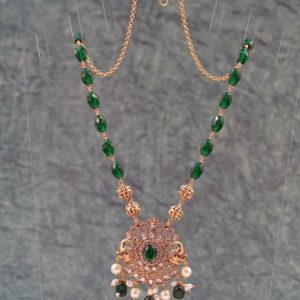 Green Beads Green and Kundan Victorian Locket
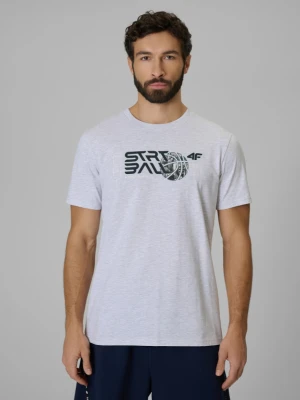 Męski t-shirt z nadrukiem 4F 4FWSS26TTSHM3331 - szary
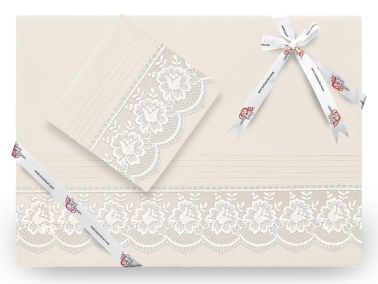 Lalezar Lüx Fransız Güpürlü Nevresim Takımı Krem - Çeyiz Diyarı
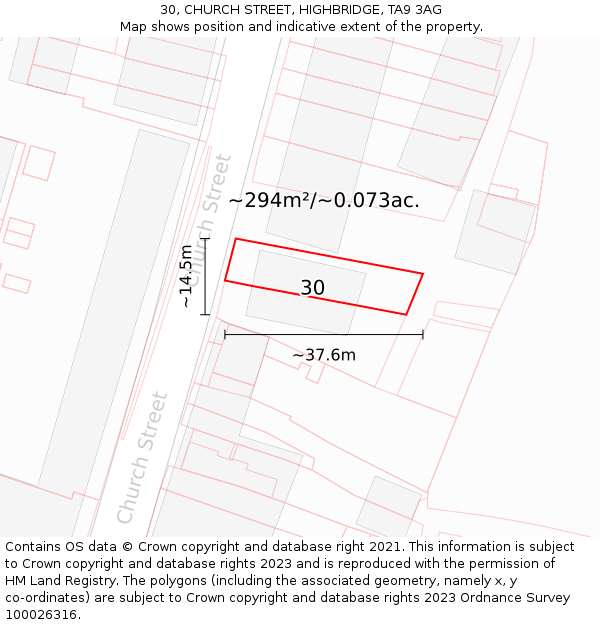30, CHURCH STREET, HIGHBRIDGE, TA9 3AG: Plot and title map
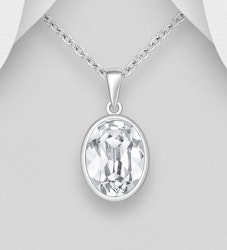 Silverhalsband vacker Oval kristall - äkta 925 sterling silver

◇ ◇ ◇ ◇ ◇ ◇ ◇

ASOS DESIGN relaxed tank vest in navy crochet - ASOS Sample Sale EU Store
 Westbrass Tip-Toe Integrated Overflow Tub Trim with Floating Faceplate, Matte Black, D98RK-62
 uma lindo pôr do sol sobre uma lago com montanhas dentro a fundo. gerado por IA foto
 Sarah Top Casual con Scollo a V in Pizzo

◇ ◇ ◇ ◇ ◇ ◇ ◇

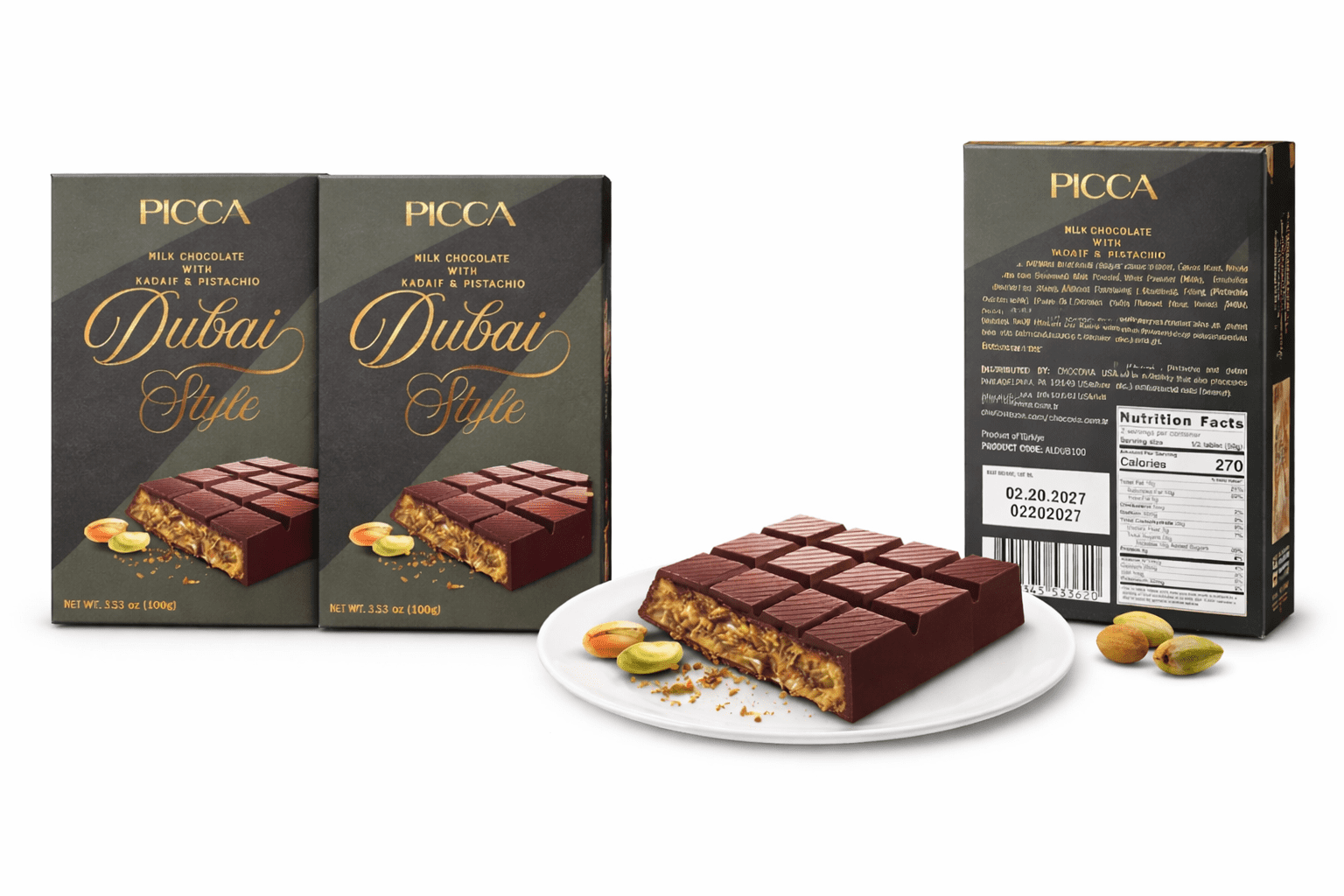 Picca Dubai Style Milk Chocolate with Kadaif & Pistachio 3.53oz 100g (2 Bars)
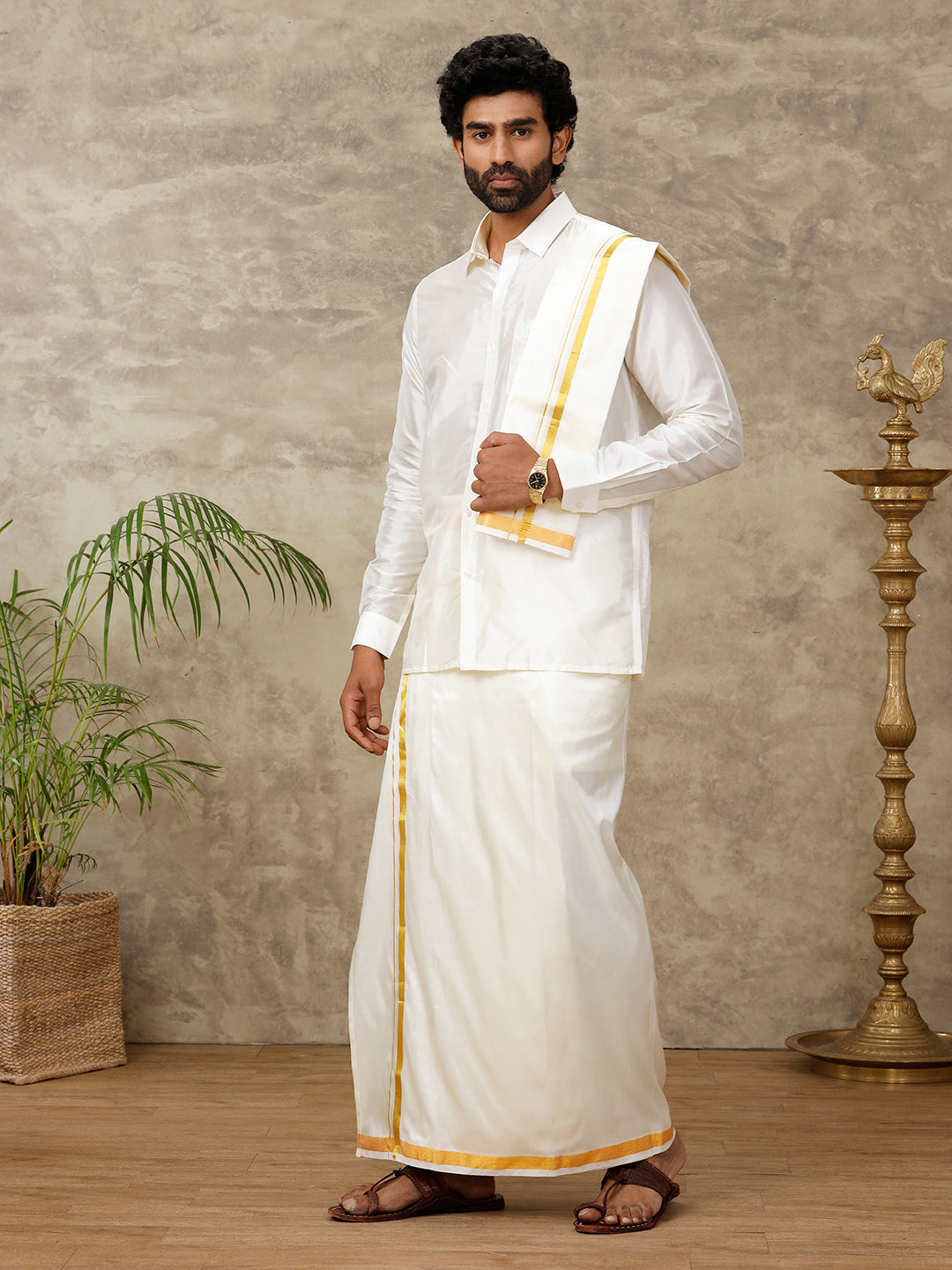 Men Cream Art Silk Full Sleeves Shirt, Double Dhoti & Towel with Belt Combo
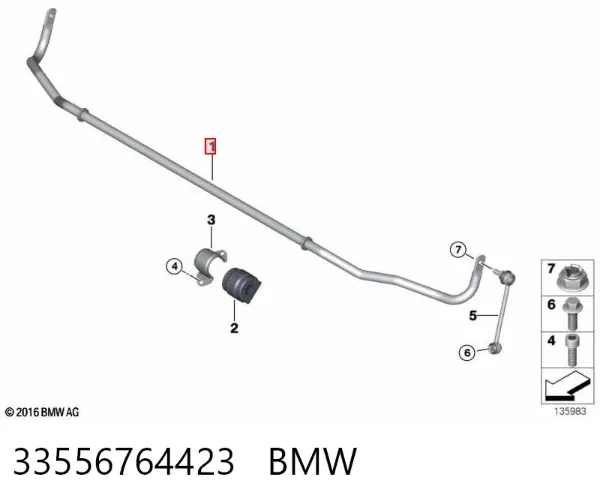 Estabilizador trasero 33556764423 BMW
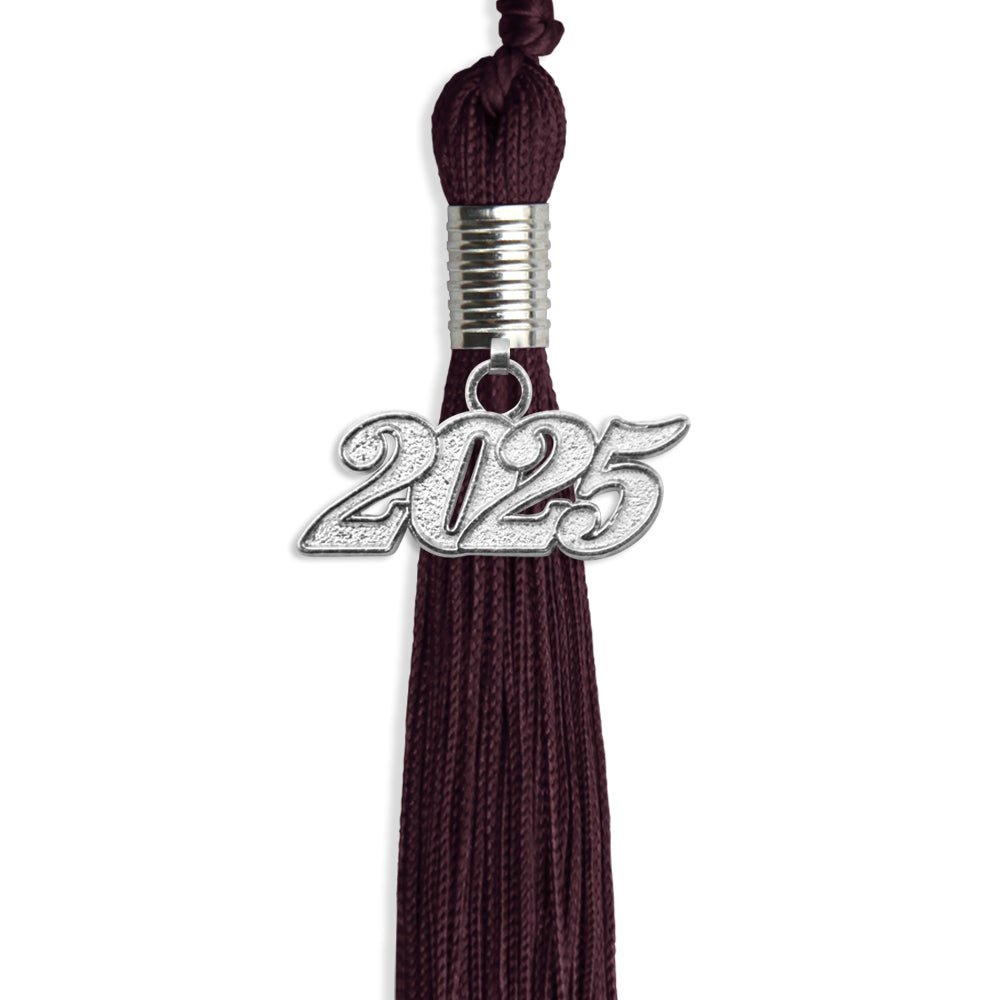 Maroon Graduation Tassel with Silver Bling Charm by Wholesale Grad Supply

◇ ◇ ◇ ◇ ◇ ◇ ◇

Please copy the lines in the records above between the one holding "uma lindo pôr" and the one holding "Sarah Top Casual con Scollo a V in Pizzo", inclusive, exactly and with no other line.

◆ **Answer for the task**:
 uma lindo pôr do sol sobre uma lago com montanhas dentro a fundo. gerado por IA foto
 Sarah Top Casual con Scollo a V in Pizzo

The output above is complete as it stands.